When handling quantitative data, there are a number of steps that need to be completed before you can run your first test. This post describes a basic protocol for data cleaning and tools that you can use for analysis.
Creating a Data File
When you create your data file, analytic software expects that individual participants are represented on the rows and variables are represented on the columns like in the example table below.
IV1 | IV2 | Age | Major | DV1 | DV2 | |
1 | 1 | 0 | 21 | 3 | 19.5 | 5 |
2 | 0 | 1 | 20 | 2 | 20 | 4 |
3 | 1 | 1 | 20 | 1 | 17.5 | 6 |
… | 0 | 0 | 19 | 4 | 15 | 6 |
To use statistical analysis software, your data will need to be numeric, though it can be at any level of measurement. Be sure that you keep a codebook to link your numeric codes to their actual meaning. This is imperative so that other people (including your future self) can decipher the data file if needed. For example, for the demographic data under “Major,” a codebook would tell you what “3” means.
Analytics Software
SPSS and Stata
Pros: Best for straightforward statistical analyses. SPSS and Stata are easy to learn, with many tutorials available. Can set up tests with the graphical user interface or syntax. Includes support and vets new statistical techniques.
Cons: Licensing is expensive but common at universities.

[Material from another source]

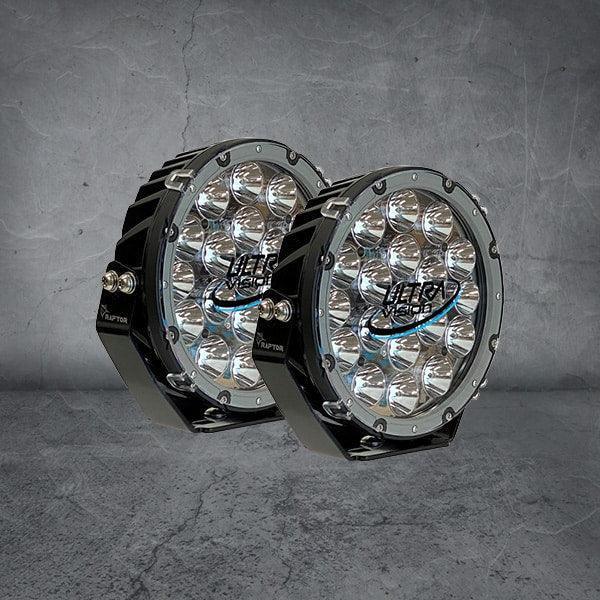 Raptor 120 LED 9″ Driving Light (Pair) Driving Lights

Does not support abnormal sets of data or advanced analyses.
SAS
Pros: Supports greater complexity in statistical analyses and includes more advanced statistical techniques than SPSS and Stata but is slightly harder to learn. Can set up tests with the graphical user interface or syntax. Includes support and vets new statistical techniques.
Cons: Licensing is more expensive but might be provided through universities.
R
Pros: Free analysis software that can do everything the others can do, but it doesn’t inherently use a graphical user interface. It is open source, so the latest techniques are released in R first.
Cons: All analyses must be written (or copied and modified) in code or created in 3rd party tools. Because tools are created by the community rather than a central design framework, R can have a steep learning curve.
Distribution of Scores
Once you have all of your data, look at a histogram of the frequency of the scores for each dependent variable. In the histogram, the y-axis will be frequency, and the x-axis will be scores on the dependent variable. You’re looking to see if your scores are normally distributed. Normal distributions follow a bell curve (see figure below). If you are comparing groups, look at histograms for each level of the independent variable. Otherwise, your data will look multi-modal (i.e., have more than one peak).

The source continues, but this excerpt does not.